Подпись: «Там, где кончается Никольское, начинается свобода».
В один прекрасный вечер в дверь постучал прибежавший с забоя котиков славный малый алеут и, хлебнув «индийца», назвал человека, который, взяв два румба влево от лежбища, устроил прогулку в ту избушку работнику госбезопасности с целью ознакомления с подписью к картинке.
В те времена мужчина на острове был мужчиной, а человек, пошатнувший его пьедестал, обладая статью и приятной наружностью (ее немного портили усы), оказался не похожим на хэмингуэевского героя.
Утром подул холодный ветер с материка и меня вызвали и попросили объяснений.
Укоротив шею на дюйм, я сослался на художника-коммуниста Рокуэлла Кента, утаив, что он сказал вообще что-то непонятное для нашего уха, - что там, где двое, свободы уже нет.
Меня попросили изложить это письменно, но даже «в белизне бумаги чувствовалась тоска насилия».
Тогда я только начинал карабкаться на древо познания и доверчиво изложил свои мотивы; сейчас эта бумажка проросла и запустила в душе маленький ядовитый побег.
И, вполне возможно, что той же рукой, которой подтирается, анонимщик писал в «Алеутскую звезду», что мои картинки - портреты пьяниц-алеутов выставлять напоказ нельзя, заклеймив весь мой маленький народ - кондовых стариков, проведших полжизни в шлюпках и седых старушек с тяжелыми веками, зверобоев и промысловиков, с которыми мы бок о бок трудились много лет, умевших крепко пить, а протрезвев, еще крепче работать.

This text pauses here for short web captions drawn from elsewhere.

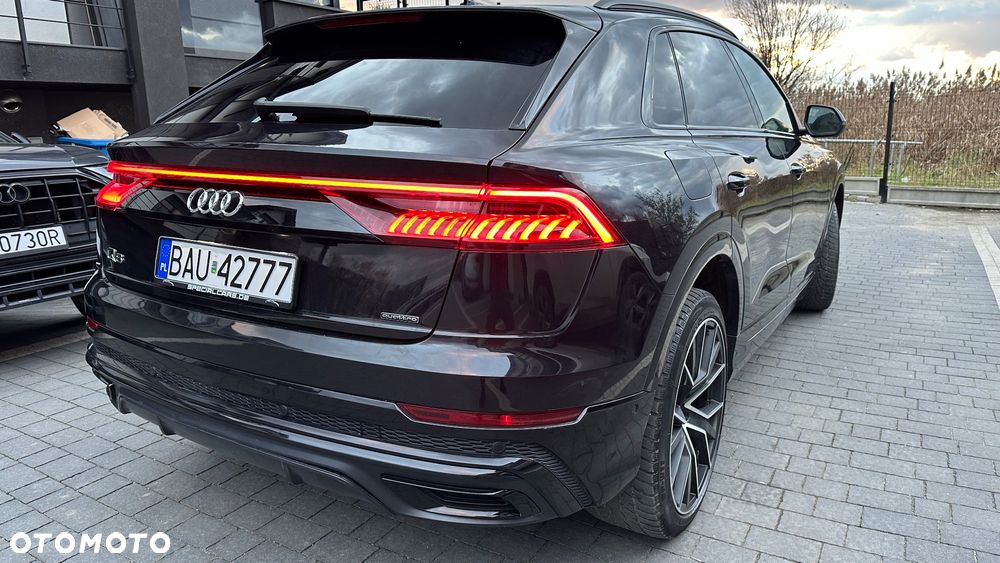 Audi Q8 55 TFSI quattro tiptronic - 30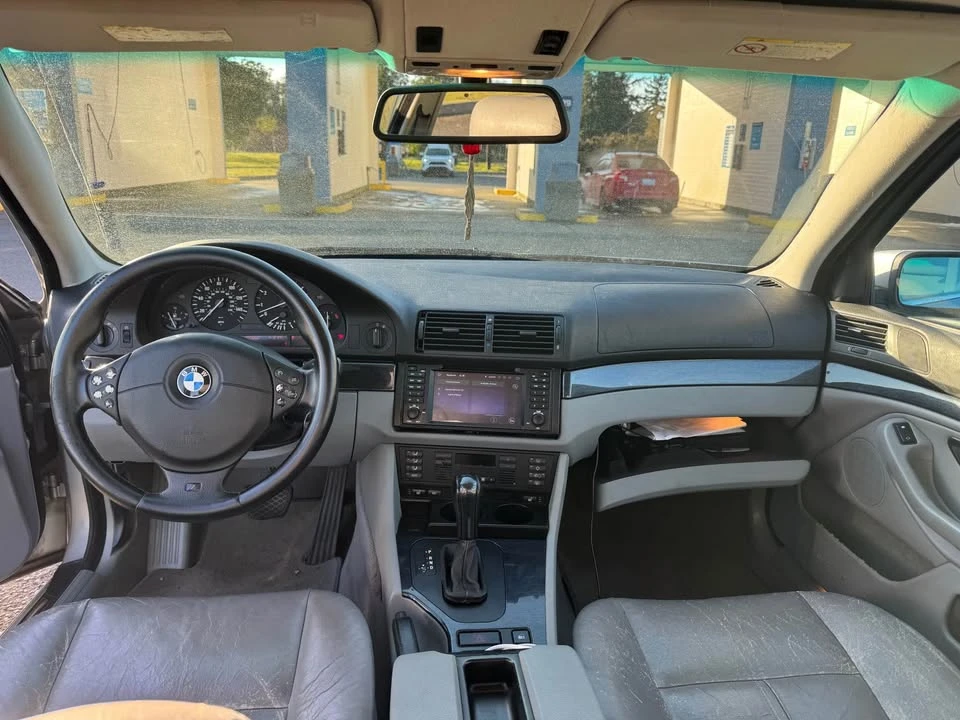 1999 BMW E39 540i - Image 6 of 13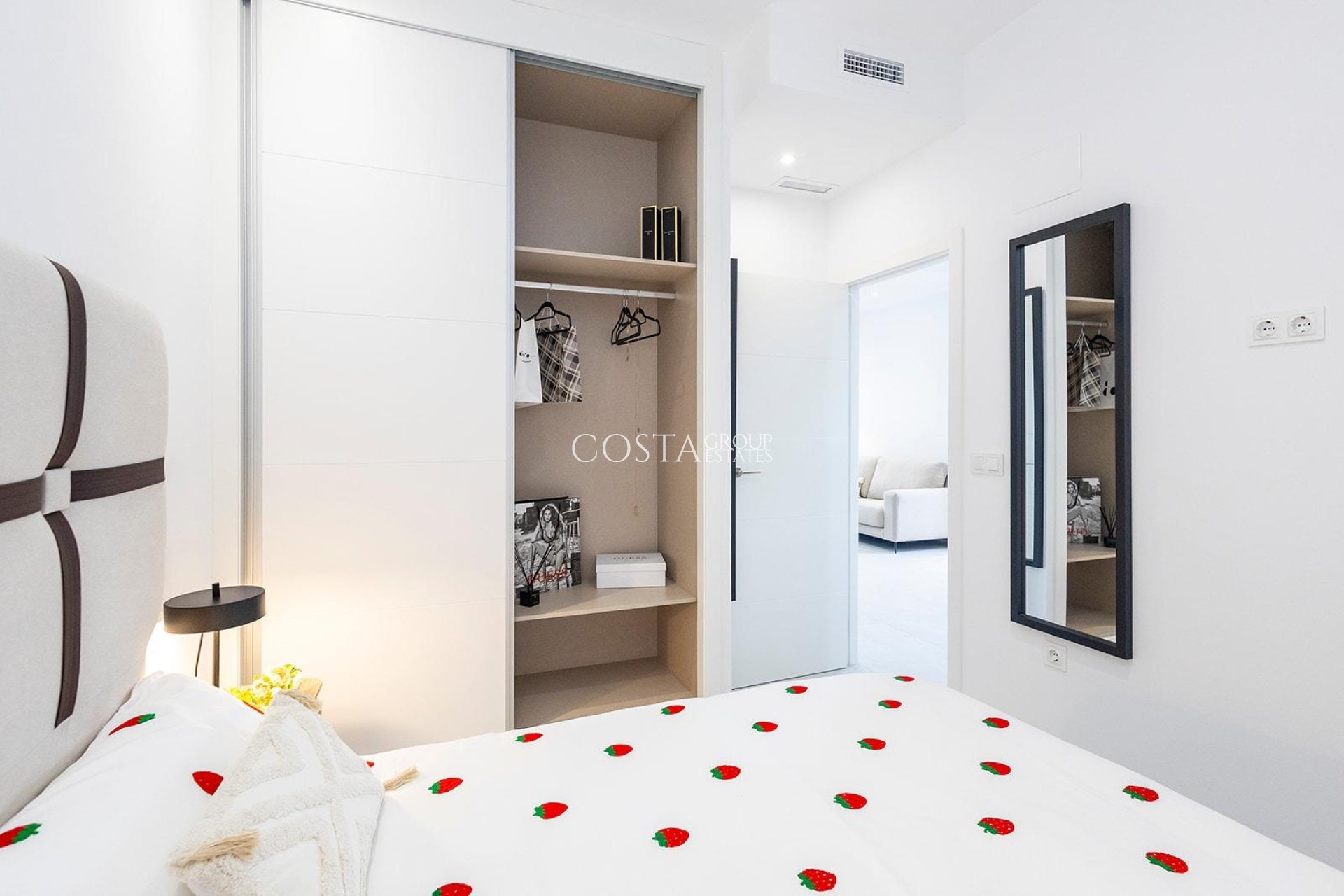 New Build - Villa -
Orihuela Costa - Vistabella Golf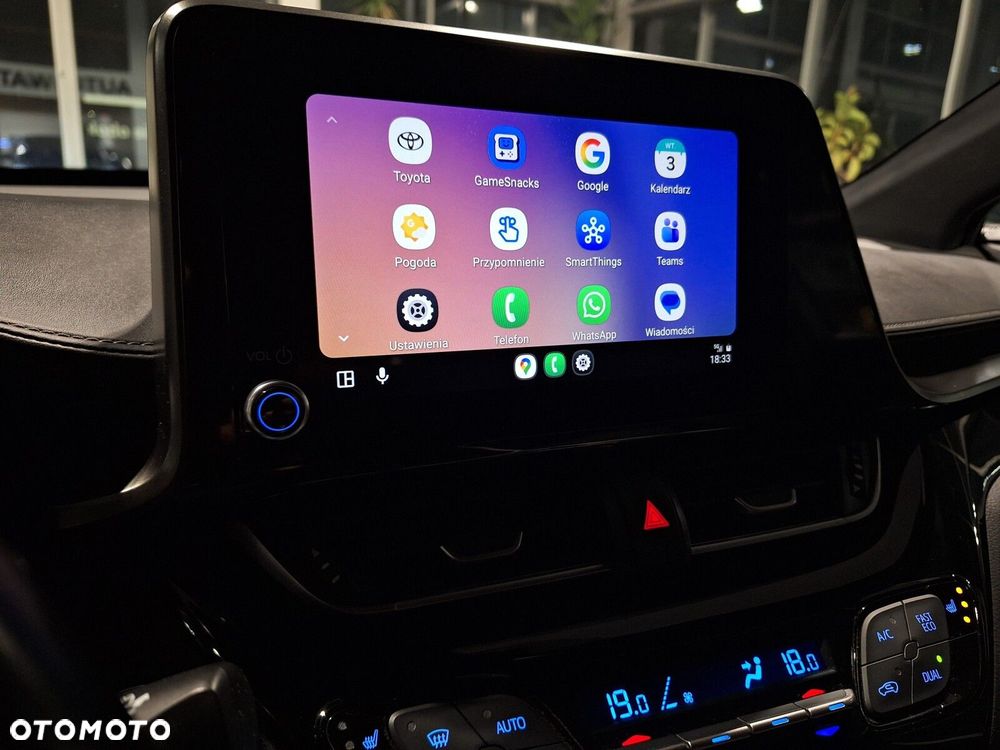 Toyota C-HR 1.8 Hybrid Style - 26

(И кто за давностью вспомнит первую чарку водки, поднесенную матросом «Святого Петра» подплывшему на байдарке с жезлом дружбы алеуту?)
Человек отличается от зверюшек тем, что он морален, - что может помешать борцу за нравственность и коллективизм испачкать еще один лист бумаги, - ведь сукиных сынов всегда находится на одного больше, чем рассчитываешь.
Опираясь на остров у горящего камелька, я обыгрывал в уме все варианты.
Что, если на последнем этапе, за какой-нибудь скучной дверью инспекторской системы белые одежды моей мечты будут разорваны и
осмеяны?
И то тогда останется мне, вернувшемуся на снабженную всем необходимым выше ватерлинии яхту-яхту, готовую к любым испытаниям?
Я не хочу плыть по течению в пустой погоне за тем, чего у меня нет, оберегая свою жизнь только для того, чтобы после, на ее закате, сидя в валенках на крыльце сожалеть о том, что другие, выискивая во тьме огонь далекого маяка, подставляли лицо соленым брызгам, другие брали рифы и высаживались на неизведанные земли.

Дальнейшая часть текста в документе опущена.